Repeat every line from the line containing "These proteins are scattered" to the end of the data, exactly. Leave the pictures out.

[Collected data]
::::

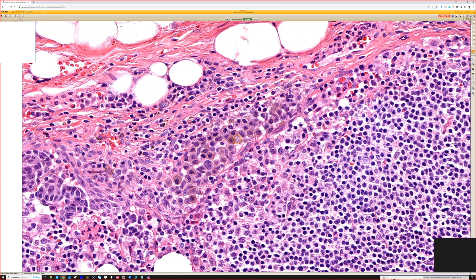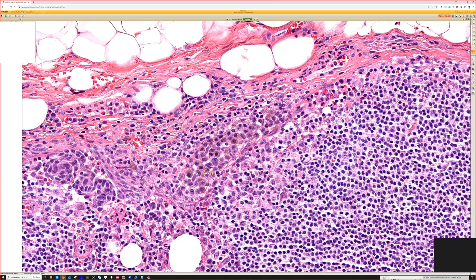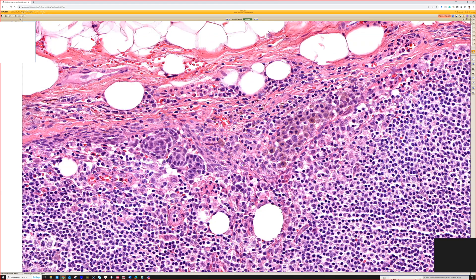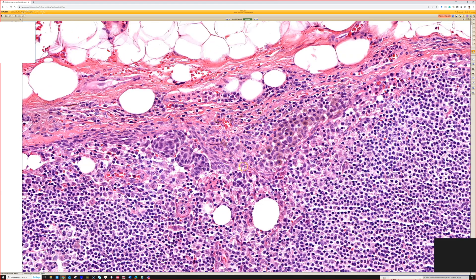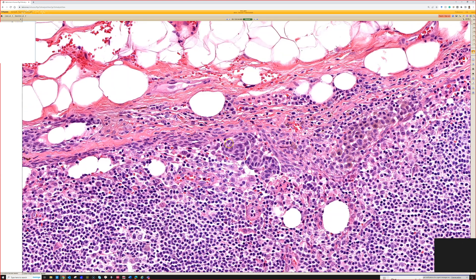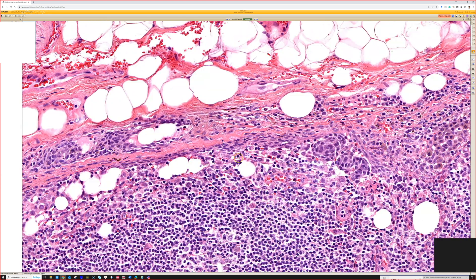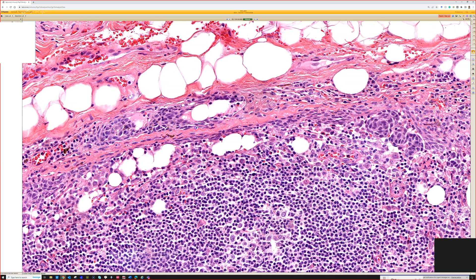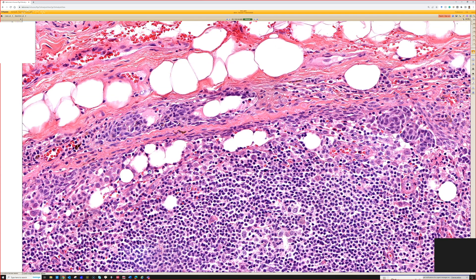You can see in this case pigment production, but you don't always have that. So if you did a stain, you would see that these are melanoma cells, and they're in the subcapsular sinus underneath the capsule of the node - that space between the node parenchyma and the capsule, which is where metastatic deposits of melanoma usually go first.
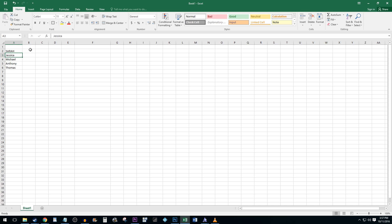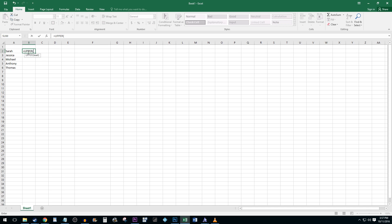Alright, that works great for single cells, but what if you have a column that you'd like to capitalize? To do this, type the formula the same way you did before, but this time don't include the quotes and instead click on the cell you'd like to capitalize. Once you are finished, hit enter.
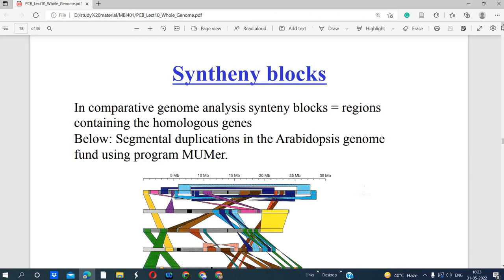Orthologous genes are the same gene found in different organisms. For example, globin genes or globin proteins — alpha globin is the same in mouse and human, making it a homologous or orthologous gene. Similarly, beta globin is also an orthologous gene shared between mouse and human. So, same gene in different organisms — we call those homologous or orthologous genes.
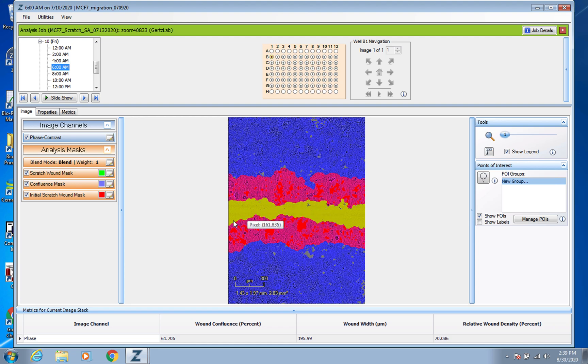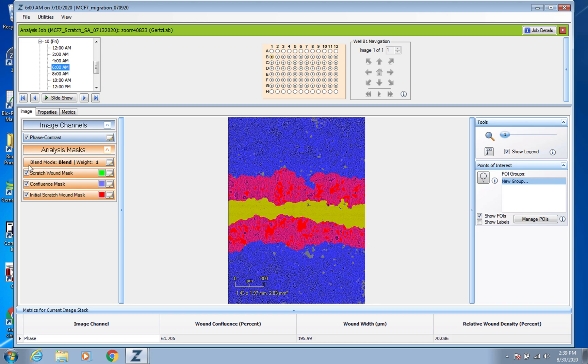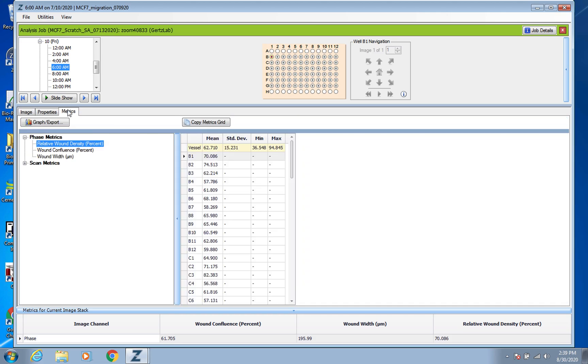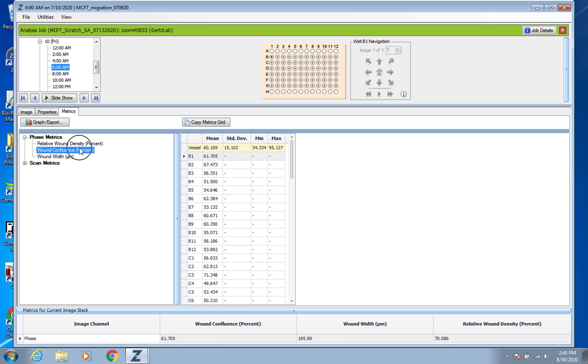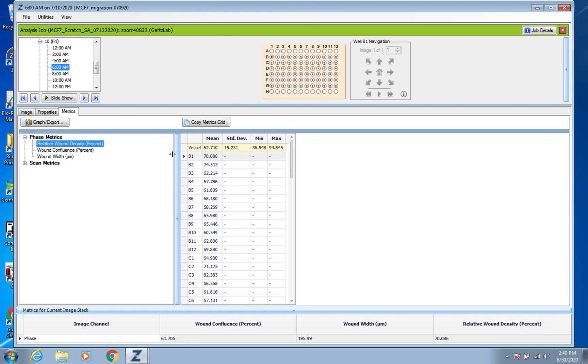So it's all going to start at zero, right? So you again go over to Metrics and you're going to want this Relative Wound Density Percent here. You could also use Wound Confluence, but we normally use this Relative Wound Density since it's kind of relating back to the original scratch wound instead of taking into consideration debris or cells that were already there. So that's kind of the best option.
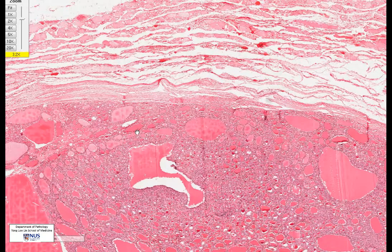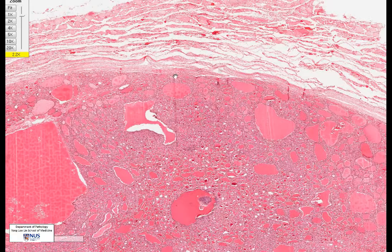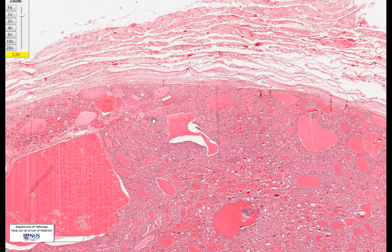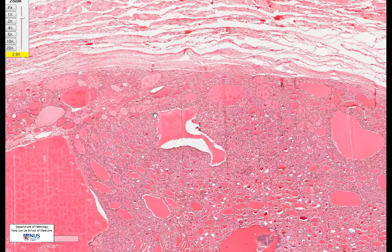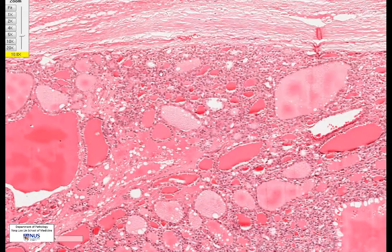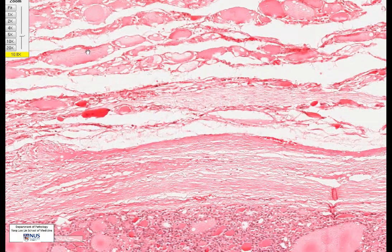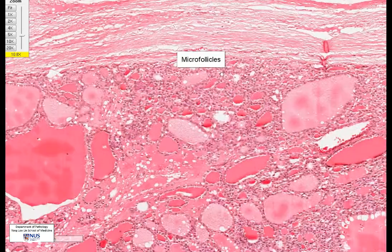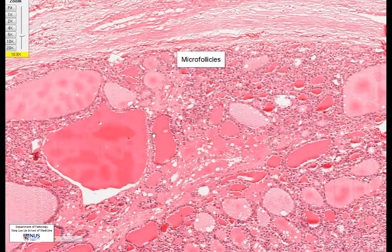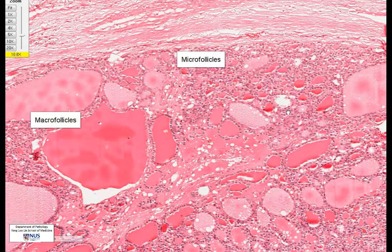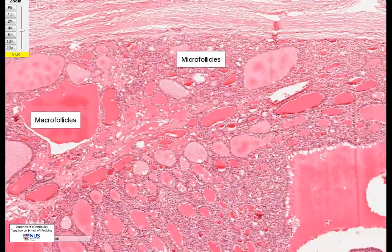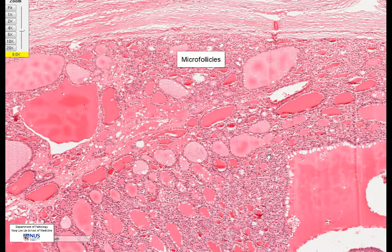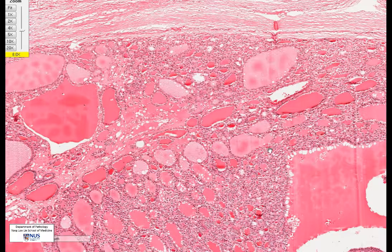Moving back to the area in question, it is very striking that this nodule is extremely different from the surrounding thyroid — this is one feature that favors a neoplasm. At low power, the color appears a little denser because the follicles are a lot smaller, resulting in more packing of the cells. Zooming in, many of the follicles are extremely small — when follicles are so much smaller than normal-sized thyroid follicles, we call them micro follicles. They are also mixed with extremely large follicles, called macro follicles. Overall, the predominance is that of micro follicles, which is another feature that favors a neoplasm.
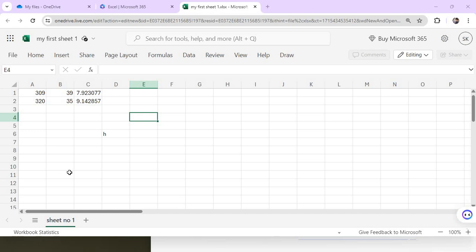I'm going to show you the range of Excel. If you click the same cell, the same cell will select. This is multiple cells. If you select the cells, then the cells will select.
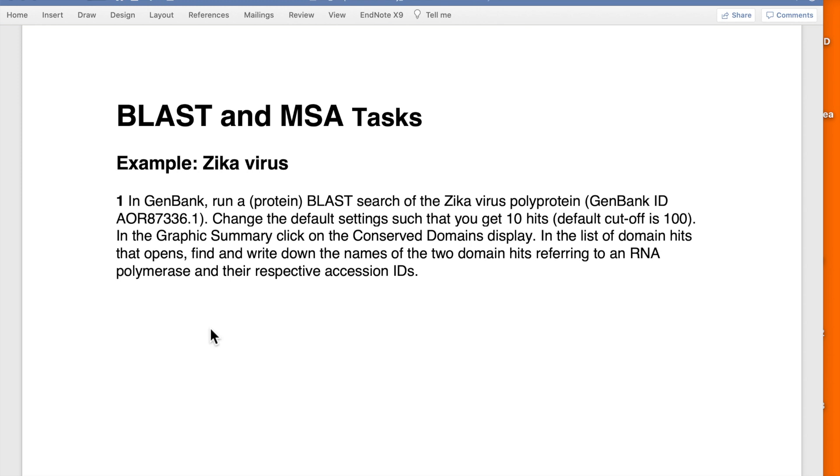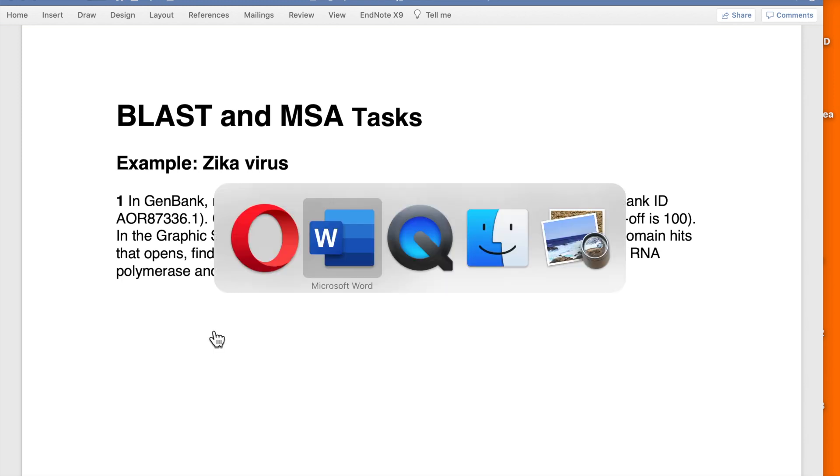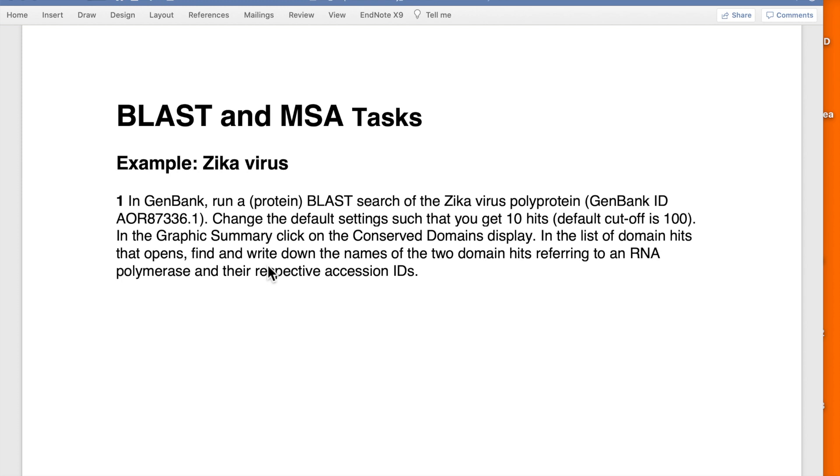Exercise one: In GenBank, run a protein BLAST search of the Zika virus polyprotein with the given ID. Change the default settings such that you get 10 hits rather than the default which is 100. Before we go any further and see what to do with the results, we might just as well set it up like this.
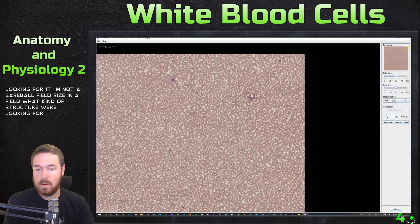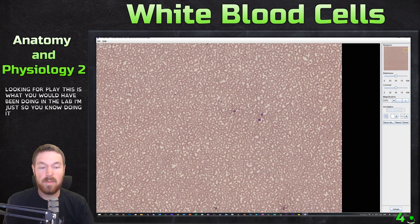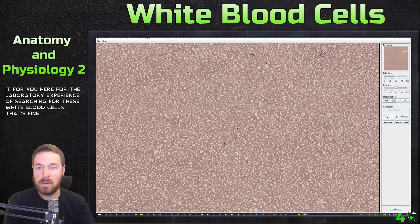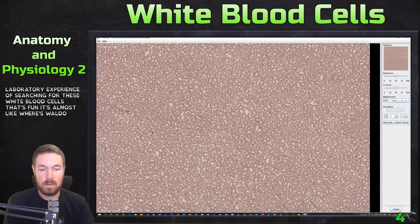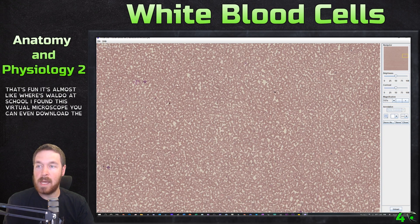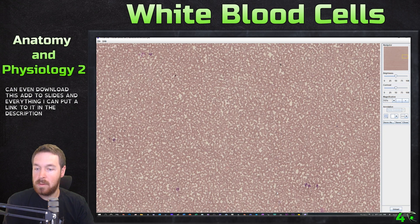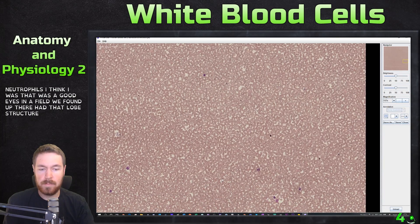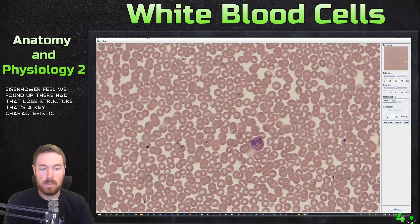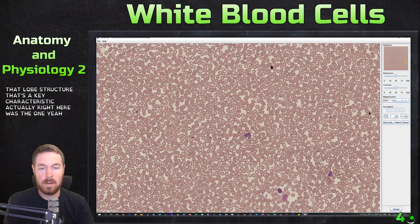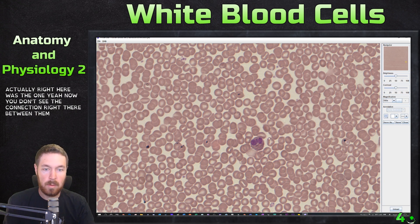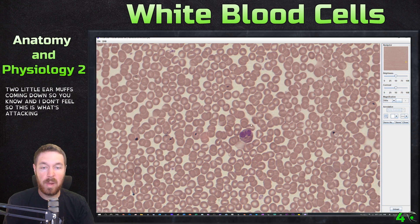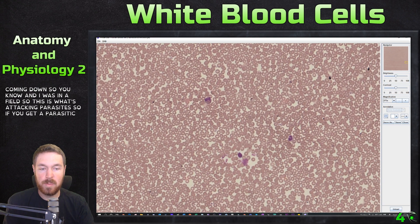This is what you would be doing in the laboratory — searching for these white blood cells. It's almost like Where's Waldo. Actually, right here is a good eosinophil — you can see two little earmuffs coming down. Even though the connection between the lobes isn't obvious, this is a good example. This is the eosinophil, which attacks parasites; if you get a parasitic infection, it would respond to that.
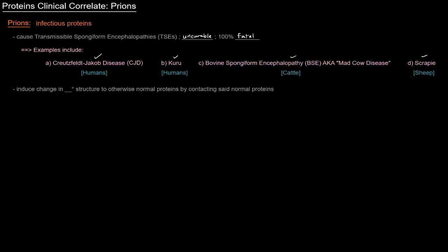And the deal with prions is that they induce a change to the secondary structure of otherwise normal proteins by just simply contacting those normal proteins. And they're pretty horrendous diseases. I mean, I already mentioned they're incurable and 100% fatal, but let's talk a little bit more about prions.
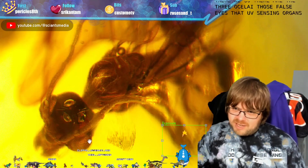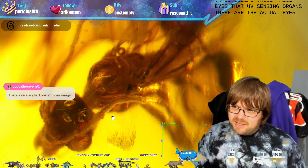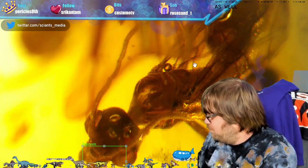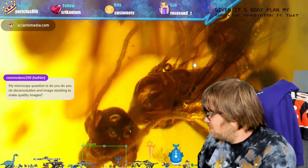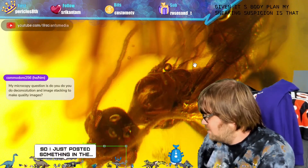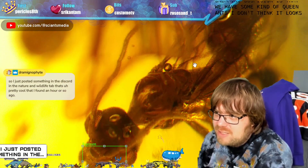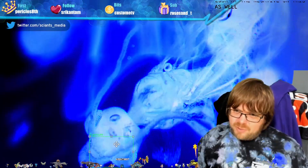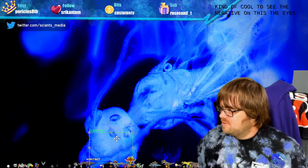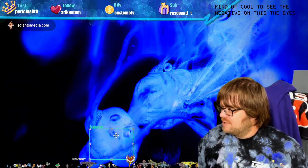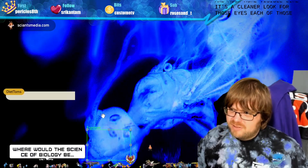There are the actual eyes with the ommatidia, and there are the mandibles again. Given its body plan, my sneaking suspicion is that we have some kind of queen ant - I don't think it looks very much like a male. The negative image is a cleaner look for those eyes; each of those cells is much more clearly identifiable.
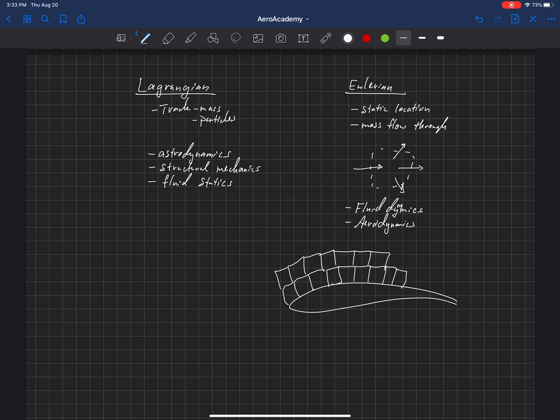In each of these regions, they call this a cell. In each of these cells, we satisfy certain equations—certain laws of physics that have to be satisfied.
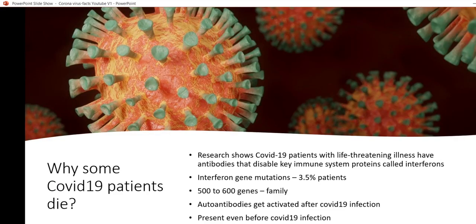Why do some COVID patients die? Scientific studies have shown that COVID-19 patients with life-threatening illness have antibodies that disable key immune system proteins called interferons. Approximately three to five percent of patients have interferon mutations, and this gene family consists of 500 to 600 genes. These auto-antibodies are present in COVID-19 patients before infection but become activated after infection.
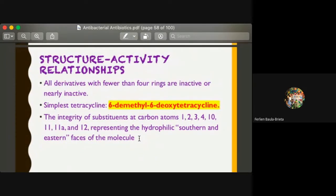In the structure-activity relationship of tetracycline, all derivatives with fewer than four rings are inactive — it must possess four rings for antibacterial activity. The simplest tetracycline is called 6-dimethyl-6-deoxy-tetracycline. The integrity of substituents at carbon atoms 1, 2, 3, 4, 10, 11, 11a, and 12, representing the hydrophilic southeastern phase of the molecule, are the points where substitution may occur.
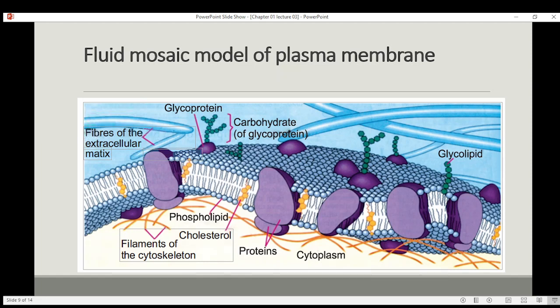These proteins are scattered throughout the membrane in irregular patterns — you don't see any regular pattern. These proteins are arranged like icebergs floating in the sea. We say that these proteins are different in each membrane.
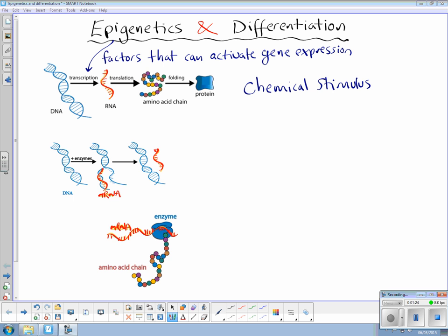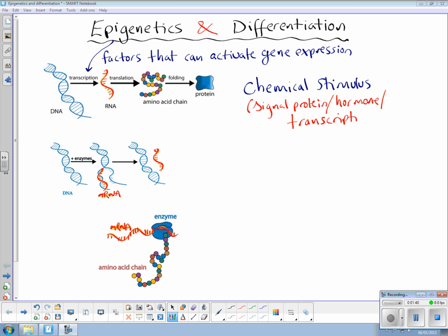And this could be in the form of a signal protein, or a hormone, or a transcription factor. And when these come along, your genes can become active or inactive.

::::

* _Answer to the exercise_:
These proteins are scattered throughout the membrane in irregular patterns — you don't see any regular pattern. These proteins are arranged like icebergs floating in the sea. We say that these proteins are different in each membrane.
And this could be in the form of a signal protein, or a hormone, or a transcription factor. And when these come along, your genes can become active or inactive.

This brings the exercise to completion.